People ex rel. 1111 North La Salle Corp. v. City of Chicago, 316 Ill. App. 66 (1942)

Sept. 9, 1942 · Illinois Appellate Court · Gen. No. 42,124
316 Ill. App. 66

People ex rel. 1111 North La Salle Corporation, Appellant, v. City of Chicago et al., Appellees.

Gen. No. 42,124.

*67Heard in the first division of this court for the first district at the June term, 1941.

Opinion filed September 9, 1942.

Urion, Bishop & Sladkey, of Chicago, for appellant; Howard F. Bishop and Robert F. Dewey, both of Chicago, of counsel.

Barnet Hodes, Corporation Counsel, for appellees; James A. Velde and Herzl Segal, Assistant Corporation Counsel, of counsel.

Mr. Justice McSurely

delivered the opinion of the court.

On November 28, 1930, the petitioner had a judgment in condemnation proceedings for $36,000. This judgment was never paid, and petitioner filed this mandamus suit to compel the city to pay this with interest at the rate of 5 per cent per annum from the date it.was entered.

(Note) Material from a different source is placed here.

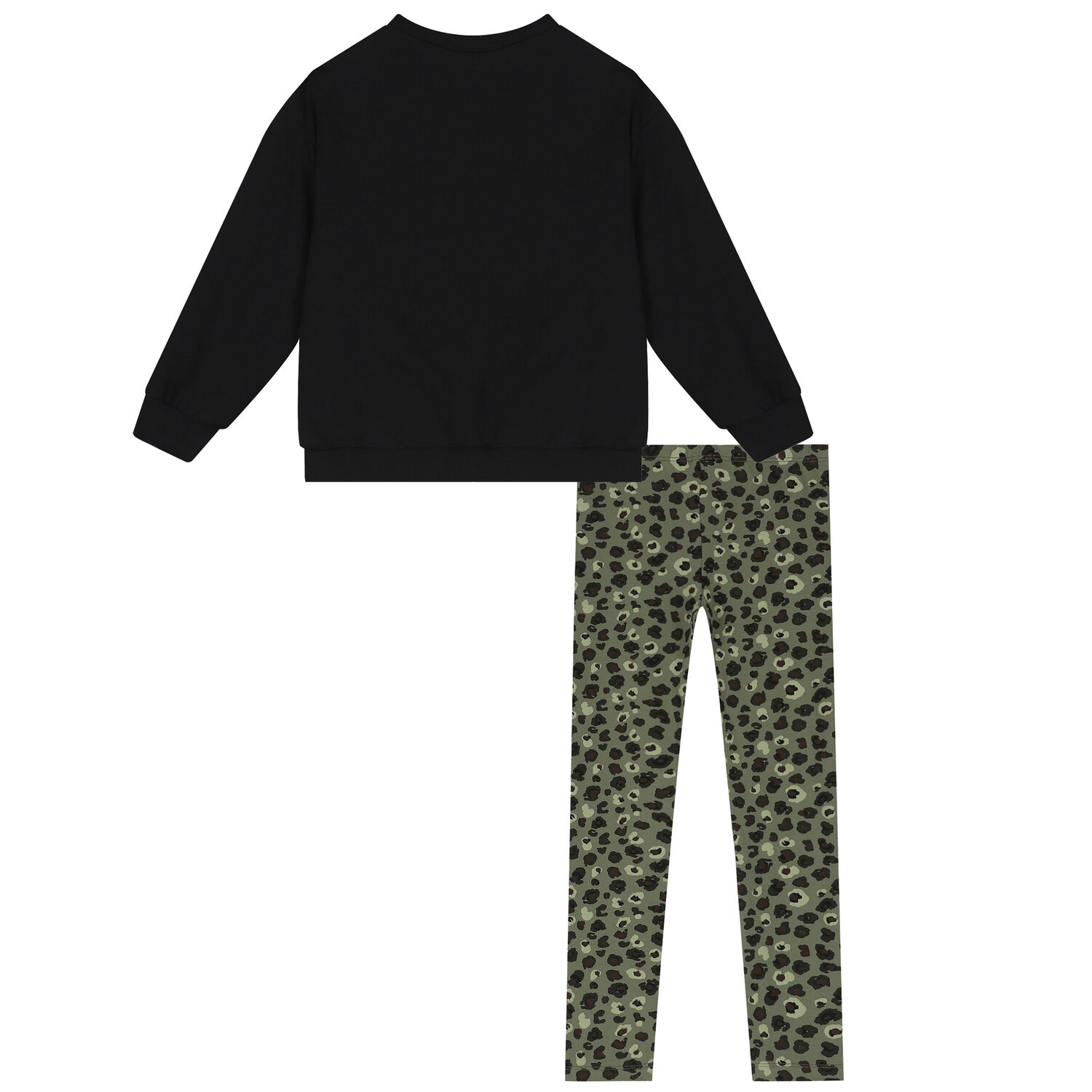 Girls Black & Green Leggings Set, 1, hi-res image number null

The trial court ordered the judgment paid hut denied the prayer for interest. Petitioner appealed to the Supreme Court, asserting that a constitutional question was involved. The Supreme Court was not of this opinion, and transferred the case to this court. Consequently, although there is some argument as to the constitutionality of section 16 of the Local Improvements Act, ch. 24, par. 715 of the 1939 Ill. Rev. Stat., we shall not comment upon this.

The trial court held that the claim for interest was barred by the five-year statute of 'limitations and, as this petition was filed in November 1940, the limitation period had passed.

Was the claim for interest barred by the five-year statute of limitations 1 This same question was presented in Epling v. Dickson, 170 Ill. 329, which was a *68proceeding to enforce payment of a judgment rendered in an action to recover damages to property because of the construction of a railroad; it was held that the five-year statute of limitations has no application to a proceeding of his character. In that case, as here, the trial court allowed recovery for the face of the judgment, but refused to allow interest. The Supreme court called attention to section 3 of the Interest Act, which provides that judgments shall draw interest until satisfied, and said: “No exception is made in the statute where a judgment has been rendered as compensation for lands taken or damaged for public use, and in the absence of an exception the statute which controls judgments in other cases must control here. Moreover, it has often been held that a final judgment for the amount found to be due as just compensation will draw interest. Cook v. South Park Comrs., 61 Ill. 115; City of Chicago v. Palmer, 93 id, 125.”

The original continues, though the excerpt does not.